Please return the lines below verbatim, beginning at the one that has "Nike Blazer Low Sneaker Size-9 (NWT)" and stopping after the one that has "هتل Everbright Ambon", and add no other lines.

==== Records to use ====

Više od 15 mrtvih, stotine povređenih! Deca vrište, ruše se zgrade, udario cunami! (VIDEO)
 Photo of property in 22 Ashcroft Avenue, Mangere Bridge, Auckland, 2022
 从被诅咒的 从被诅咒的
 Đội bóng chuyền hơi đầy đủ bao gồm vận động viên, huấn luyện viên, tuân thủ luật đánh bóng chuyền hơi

====
==== Records to use ====

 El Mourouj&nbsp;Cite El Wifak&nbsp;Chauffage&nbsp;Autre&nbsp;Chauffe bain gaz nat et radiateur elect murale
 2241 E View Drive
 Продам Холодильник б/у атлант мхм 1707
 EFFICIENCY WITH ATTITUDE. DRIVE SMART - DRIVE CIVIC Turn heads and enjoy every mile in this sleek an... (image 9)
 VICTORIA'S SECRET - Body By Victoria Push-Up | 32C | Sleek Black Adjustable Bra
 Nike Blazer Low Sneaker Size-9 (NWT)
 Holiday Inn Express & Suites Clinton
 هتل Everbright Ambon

====

Output of the exercise:
 Nike Blazer Low Sneaker Size-9 (NWT)
 Holiday Inn Express & Suites Clinton
 هتل Everbright Ambon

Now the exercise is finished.